Le garde du corps a été arrêté, de même que de nombreux participants à l'attaque contre le gouvernement de l'Amhara, selon les autorités.
Coup d'Etat?
L'éventuel lien entre les deux attaques ainsi que leurs motifs restent à éclaircir, alors que de les observateurs mettent en doute l'affirmation des autorités qu'il s'agissait d'une tentative de coup d'Etat.
Selon eux, une tentative de coup d'Etat implique généralement d'importantes manoeuvres militaires ainsi que la prise de contrôle de points stratégiques comme les aéroports ou les médias.
Les autorités ont accusé le chef de la sécurité de la région Amhara, le général Asaminew Tsige, d'être derrière l'attaque de Bahir Dar. Arrêté pour un présumé complot remontant à 2009, amnistié et libéré en 2018, il est toujours en fuite, selon plusieurs sources.
Selon William Davison, expert du think tank International Crisis Group, M. Asaminew est un nationaliste Amhara favorable à la "reconquête" de la région Tigrée, au nord, et entraînait des milices. "Il est possible que son éviction imminente, soutenue par le gouvernement fédéral (...) ait provoqué cette attaque mortelle", a estimé M. Davison.

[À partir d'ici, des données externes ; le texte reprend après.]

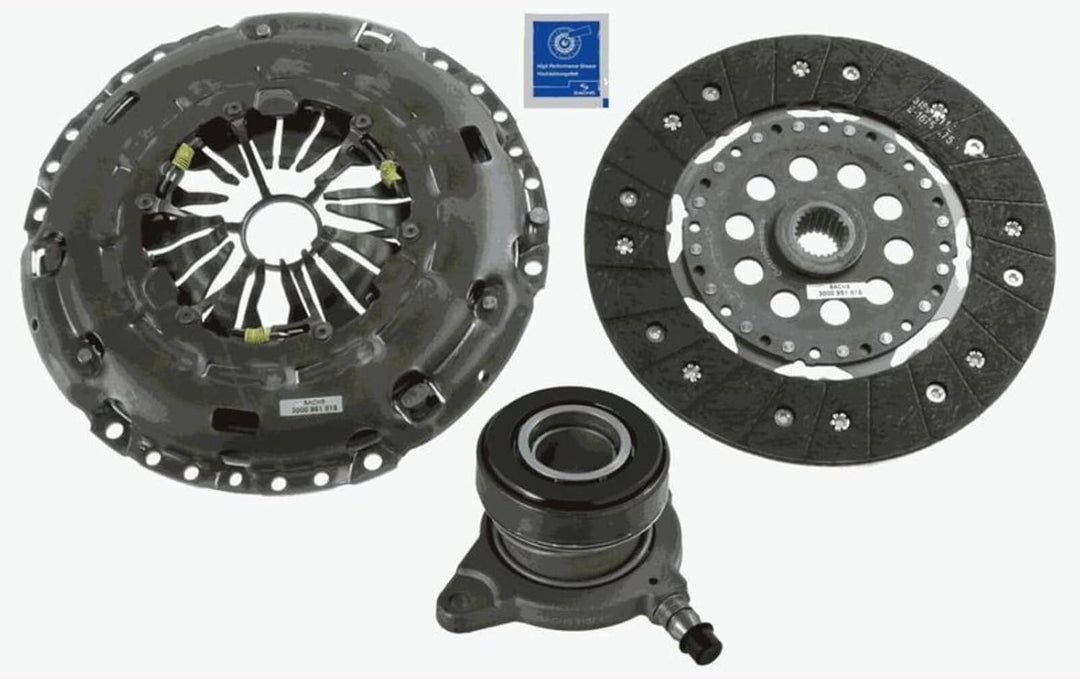 SACHS 3000 990 184 Kupplungssatz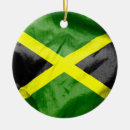 Buscar bandera de jamaica adornos Vacaciones
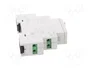 F&F BIS-411B Relé de instalación biestable SPDT 16A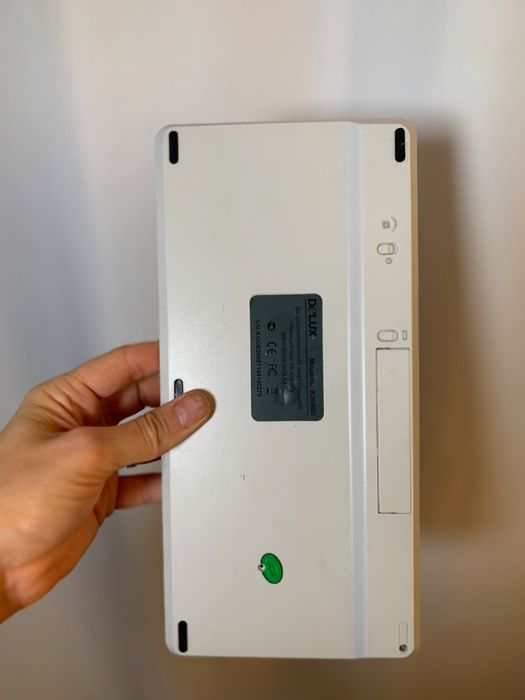 Клавиатура беспроводная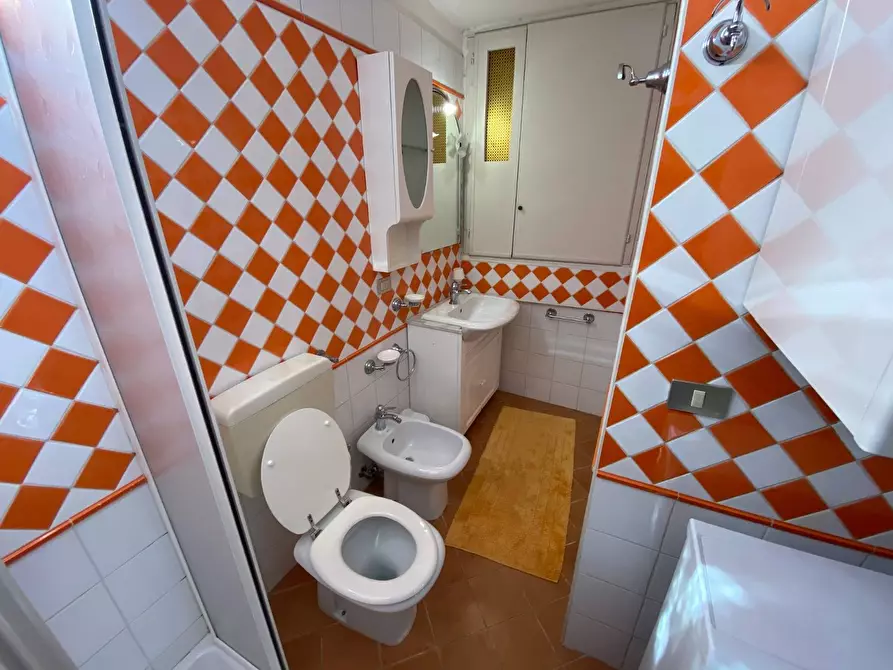 Immagine 17 di Appartamento in vendita  in Via Benedetta a Firenze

Le président de la région Amhara, M. Ambachew, était lui un allié de M. Abiy. Son discours visait à l'apaisement face aux tensions ethniques.

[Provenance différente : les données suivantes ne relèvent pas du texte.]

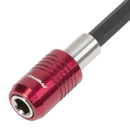 Sealey AK49251 Bit Holder Magnetic Quick Chuck 150mm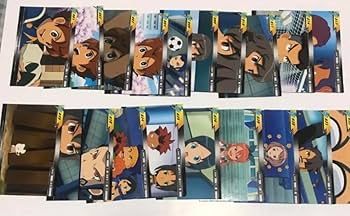 Amazon.co.jp: イナズマイレブン GO ブロマイドコレクション 松風天馬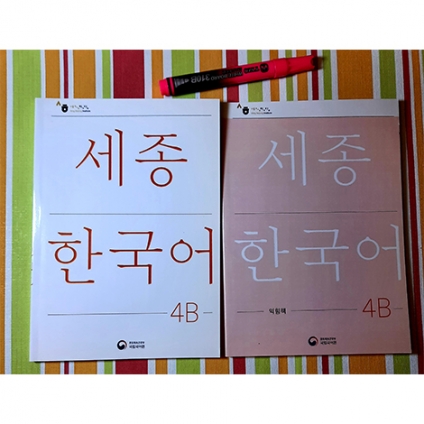 sejong 4b 1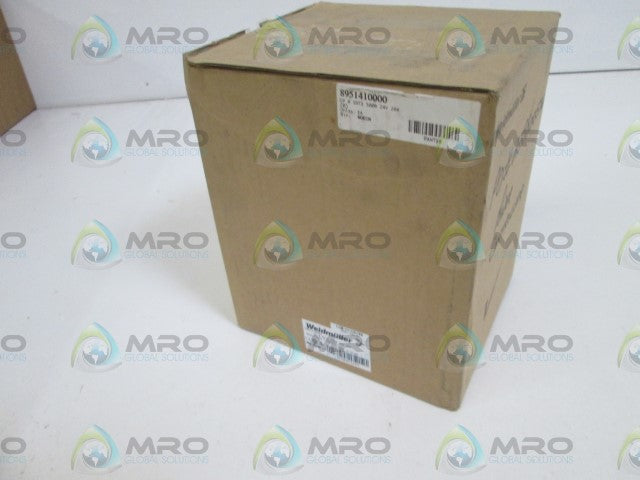 WEIDMULLER POWER SUPPLY 8951410000 *NEW IN BOX*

Lundi, des résidents de Bahir Dar interrogés par l'AFP ont indiqué qu'après une journée de dimanche tendue, les habitants de la ville circulent comme à leur habitude et les commerces ont ouverts. Selon eux, la situation est normale, à l'exception du déploiement de membres de la police fédérale, principalement autour des bâtiments de l'administration régionale.
A Addis Abeba, des membres des forces spéciales ont été déployés notamment à l'aéroport, a constaté un journaliste de l'AFP. Les activités commerciales et le trafic semblaient eux normaux lundi.

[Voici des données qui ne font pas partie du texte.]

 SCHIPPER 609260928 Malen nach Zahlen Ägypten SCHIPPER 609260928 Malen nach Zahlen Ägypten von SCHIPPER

Internet est coupé depuis samedi soir.
Assouplissement
Ces deux attaques interviennent dans un contexte tendu pour l'Ethiopie.
Les Amhara représentent le deuxième groupe ethnique d'Ethiopie, après les Oromo. Ces deux ethnies ont été à l'avant-garde de deux ans de manifestations qui ont provoqué la chute de l'ancien Premier ministre Hailemariam Desalegn.
Son successeur, M. Abiy, un Oromo, s'est efforcé de démocratiser le pays, légalisant des groupes dissidents et améliorant la liberté de la presse.
Mais cet assouplissement a également permis une expression plus libre des tensions ethniques, qui ont souvent pour enjeu des terres ou des ressources, et se sont traduites par des violences meurtrières dans le deuxième pays le plus peuplé d'Afrique (plus de 100 millions d'habitants).